Millions in federal funds could help flood victims
Horton Avenue flood victims could possibly see some individual financial relief — that is, if the federal government approves Riverhead Town and Suffolk County’s applications for a $4 million grant to buy their flood-prone properties.
The town and county submitted three applications Monday — one joint application and one from each separate municipality — to the Federal Emergency Management Agency’s hazard mitigation grant program. The identical applications each seek $4 million in federal funds to purchase land on Horton Avenue, said Riverhead Police Chief David Hegermiller. Dozens of people were left homeless in late March after a storm dumped more than eight inches of rain on the low-lying neighborhood.
Under FEMA guidelines, the town and county would be responsible for 25 percent of the total cost. Riverhead Supervisor Sean Walter said the town would most likely use open space preservation funds to cover its share.
“I think the only solution is mitigation,” Mr. Walter said. “Plant it over. Make it green space.”

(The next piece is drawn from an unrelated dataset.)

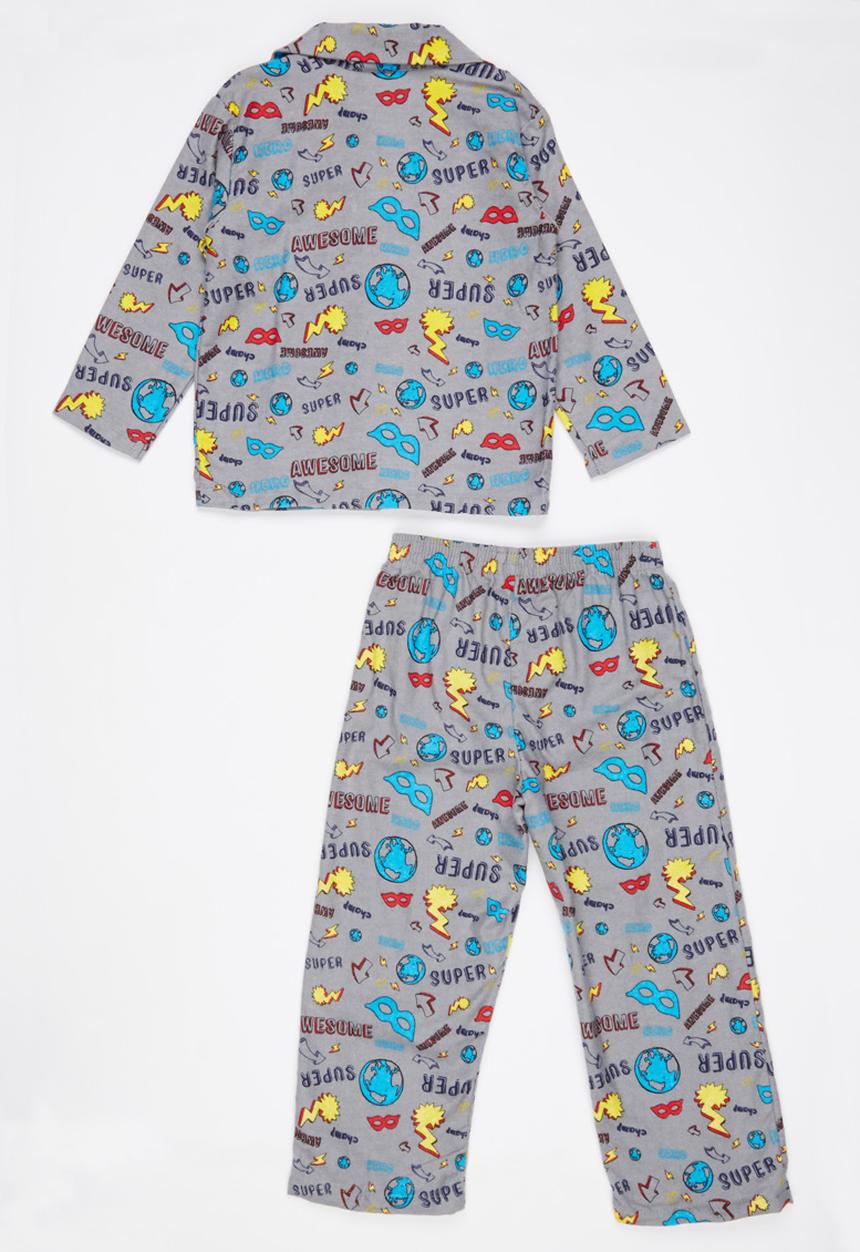 Twin Clothing - Boys Flannel Super Multi-colour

Chief Hegermiller noted that the grant is extremely competitive and that Riverhead is up against municipalities from across the U.S. But the chief said he is optimistic because the issue has gotten a lot of attention from state and federal officials.

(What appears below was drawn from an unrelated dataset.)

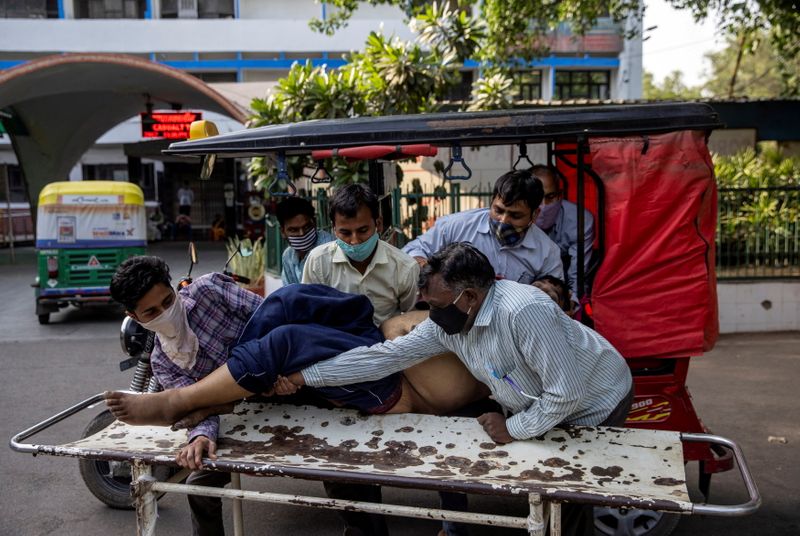 &copy; Reuters. COVID-19 pandemic in New Delhi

Six owner-occupied homes and a dozen rented homes in the Horton Avenue area were heavily damaged by the storm. The town and county would seek to relocate the families in the owner-occupied homes and to reimburse the owners of the rental properties for economic losses.
The Horton Avenue land, if purchased by the town and county, would be preserved as open space as persistent flooding has made the area unsuitable for any other use, said Shirley Coverdale, who sits on the board of directors of the Long Island Organizing Network, a group that has advocated on behalf of the neighborhood’sflood victims.
“In the end, I don’t think houses ever should have been built there,” she said. She pointed to environmental concerns such as flooded cesspools and runoff from nearby farms as further reasons the homes there should be demolished. “It doesn’t take much to imagine what kind of swill is in that [groundwater],” Ms. Coverdale said.
Hazard mitigation grants are available only to municipalities within a presidentially declared disaster area. In July, FEMA overturned its previous denial of New York’s request to combine the March 29-30 storm with a previously declared storm — a powerful nor’easter earlier in March — as one disaster.
Riverhead Town would have been able to pursue those grants anyway, but thanks to the new designation more money will be supplied to the state by the federal government, Chief Hegermiller had said.
Local governments must submit applications to their respective states for review. Once eligible projects are selected by the state, they are forwarded to the regional FEMA office, where they are reviewed to ensure compliance with federal laws and regulations, according to FEMA’s website.